*ABOUT THIS TASK*: Nothing in the listing should be altered when it is copied, and no picture goes into the copy.
......
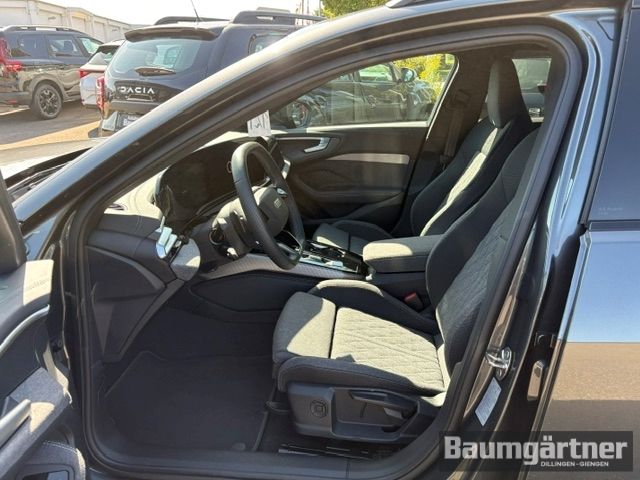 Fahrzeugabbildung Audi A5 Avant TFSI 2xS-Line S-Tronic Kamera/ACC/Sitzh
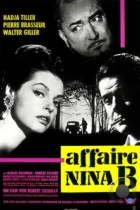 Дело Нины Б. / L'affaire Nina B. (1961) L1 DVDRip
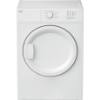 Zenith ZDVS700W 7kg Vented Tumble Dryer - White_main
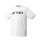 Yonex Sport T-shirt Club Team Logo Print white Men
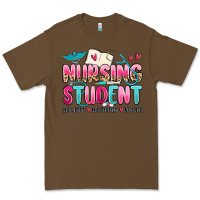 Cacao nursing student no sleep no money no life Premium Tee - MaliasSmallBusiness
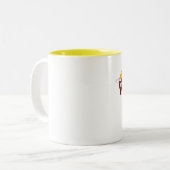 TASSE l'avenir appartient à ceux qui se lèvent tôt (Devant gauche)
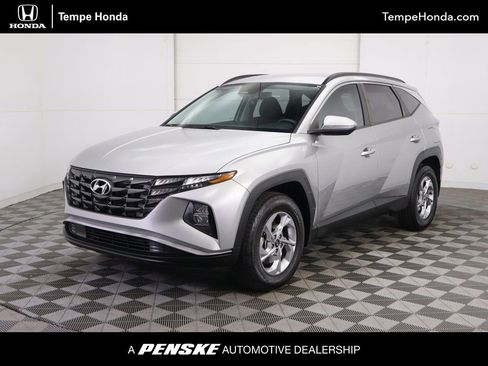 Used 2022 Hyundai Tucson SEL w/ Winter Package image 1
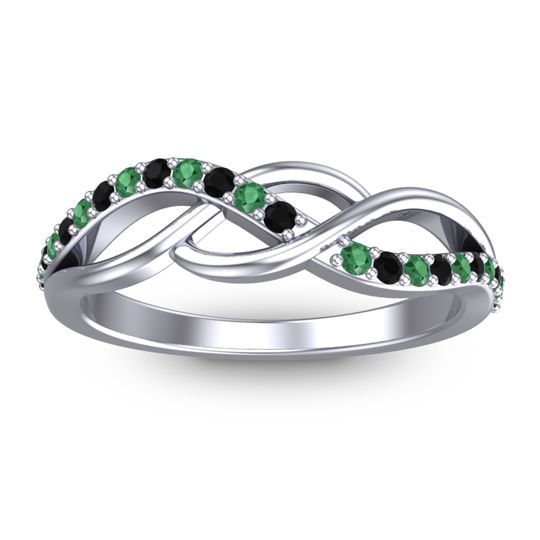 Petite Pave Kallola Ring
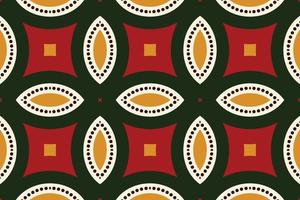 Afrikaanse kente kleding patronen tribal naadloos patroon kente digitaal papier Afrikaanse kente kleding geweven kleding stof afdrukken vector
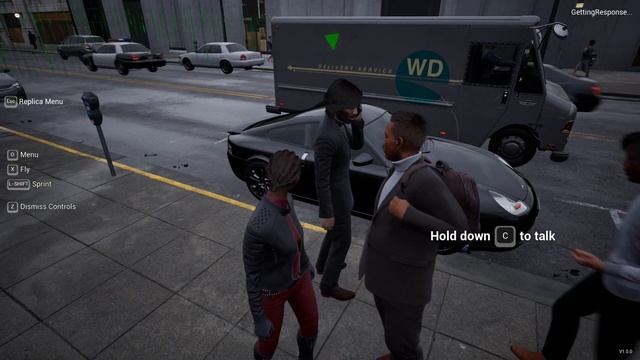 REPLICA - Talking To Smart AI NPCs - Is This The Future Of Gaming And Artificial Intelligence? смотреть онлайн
......
*ANSWER TO THE EXERCISE*:
 Fahrzeugabbildung Audi A5 Avant TFSI 2xS-Line S-Tronic Kamera/ACC/Sitzh
 Дело Нины Б. / L'affaire Nina B. (1961) L1 DVDRip
 Zenith ZDVS700W 7kg Vented Tumble Dryer - White_main
 Yonex Sport T-shirt Club Team Logo Print white Men
 Cacao nursing student no sleep no money no life Premium Tee - MaliasSmallBusiness
 TASSE l'avenir appartient à ceux qui se lèvent tôt (Devant gauche)
 Used 2022 Hyundai Tucson SEL w/ Winter Package image 1
 Petite Pave Kallola Ring
 Afrikaanse kente kleding patronen tribal naadloos patroon kente digitaal papier Afrikaanse kente kleding geweven kleding stof afdrukken vector
 REPLICA - Talking To Smart AI NPCs - Is This The Future Of Gaming And Artificial Intelligence? смотреть онлайн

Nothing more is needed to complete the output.